En el lienzo de nuestra historia, las elecciones se pintan con euforia o desencanto, pero rara vez con el óleo de la autorreflexión. Los resultados que determinan que Abelardo de la Espriella asuma la presidencia abren un nuevo capítulo en la arquitectura social de nuestra patria. Ante este veredicto, mi postura no ha sido el aplauso ciego ni la confrontación, sino el silencio consciente de la abstención deliberada. No votar no es apatía; es una resistencia pacífica y “sentipensante” que se niega a alimentar la falsa narrativa de una nación irremediablemente polarizada.
El relato político insiste en dividirnos en dos fuerzas enfrentadas. Sin embargo, si analizamos el censo electoral, el panorama es revelador: la derecha obtuvo cerca del 29 % de los votos del total de ciudadanos habilitados y la izquierda arañó un 28 %. El verdadero peso mayoritario, el porcentaje invisible pero contundente, habita en ese 42,12 % de abstencionistas sumado a los votos en blanco. La verdadera Colombia no está en los extremos que gritan, ni la solución habita en un centro tibio y sin alma. Late en el silencio de más de diecisiete millones de ciudadanos. Ellos son los verdaderos “nadies” y los “nunca representados”, una inmensa mayoría que se apartó por paz mental ante el odio y la falta de coherencia de ambos lados. Su abstención es un grito de hastío frente a un aparato estatal carcomido por el verdadero cáncer de nuestra sociedad: la corrupción endémica y las malas prácticas en un servicio público que debería apuntar a la prevalencia del bien general sobre el particular.

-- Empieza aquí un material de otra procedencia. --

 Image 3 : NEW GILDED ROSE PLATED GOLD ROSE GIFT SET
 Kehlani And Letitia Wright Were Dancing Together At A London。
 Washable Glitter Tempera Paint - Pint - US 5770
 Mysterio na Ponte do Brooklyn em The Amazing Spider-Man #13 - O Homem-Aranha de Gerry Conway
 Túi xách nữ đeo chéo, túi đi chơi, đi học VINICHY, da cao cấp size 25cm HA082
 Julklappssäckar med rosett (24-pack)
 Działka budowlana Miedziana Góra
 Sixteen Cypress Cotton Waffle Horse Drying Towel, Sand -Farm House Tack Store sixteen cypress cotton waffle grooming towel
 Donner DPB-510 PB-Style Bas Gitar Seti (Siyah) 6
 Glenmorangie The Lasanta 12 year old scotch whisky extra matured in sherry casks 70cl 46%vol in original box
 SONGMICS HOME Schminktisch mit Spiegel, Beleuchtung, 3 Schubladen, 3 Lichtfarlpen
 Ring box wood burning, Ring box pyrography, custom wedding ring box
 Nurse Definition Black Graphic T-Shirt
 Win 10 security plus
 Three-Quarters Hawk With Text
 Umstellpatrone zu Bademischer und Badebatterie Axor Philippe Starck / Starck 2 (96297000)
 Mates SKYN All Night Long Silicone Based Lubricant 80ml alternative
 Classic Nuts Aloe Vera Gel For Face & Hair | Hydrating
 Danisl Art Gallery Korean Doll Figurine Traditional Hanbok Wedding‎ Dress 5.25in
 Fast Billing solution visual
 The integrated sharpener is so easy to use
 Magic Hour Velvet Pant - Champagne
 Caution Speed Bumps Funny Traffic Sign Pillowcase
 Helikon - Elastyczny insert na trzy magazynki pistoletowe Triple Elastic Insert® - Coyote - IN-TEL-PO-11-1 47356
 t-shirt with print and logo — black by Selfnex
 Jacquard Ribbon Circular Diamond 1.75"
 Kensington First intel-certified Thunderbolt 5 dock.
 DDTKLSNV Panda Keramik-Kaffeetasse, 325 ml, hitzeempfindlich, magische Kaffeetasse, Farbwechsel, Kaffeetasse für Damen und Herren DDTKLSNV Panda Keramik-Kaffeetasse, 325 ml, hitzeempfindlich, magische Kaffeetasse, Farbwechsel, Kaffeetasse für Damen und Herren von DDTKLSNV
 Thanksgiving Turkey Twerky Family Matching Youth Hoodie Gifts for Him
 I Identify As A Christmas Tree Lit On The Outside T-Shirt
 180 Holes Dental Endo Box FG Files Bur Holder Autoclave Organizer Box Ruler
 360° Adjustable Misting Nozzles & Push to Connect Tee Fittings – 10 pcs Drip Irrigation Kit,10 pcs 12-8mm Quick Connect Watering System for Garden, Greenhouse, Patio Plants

Como arquitecta, escritora y artista, sé que las estructuras más sólidas no son las que se imponen a la vista, sino los cimientos invisibles que sostienen la diversidad. Una sociedad no se construye derribando al otro ni vaciando cemento ideológico; se edifica como un libro abierto. Las campañas pasan, pero las fracturas en el territorio permanecen. Por ello, el desafío del presidente electo no es administrar un triunfo, sino comprender que Colombia es un relato complejo donde cada provincia y cada silencio cuentan. Un líder grande afina el oído para escuchar a quienes mantenemos una distancia crítica desde la total independencia civil.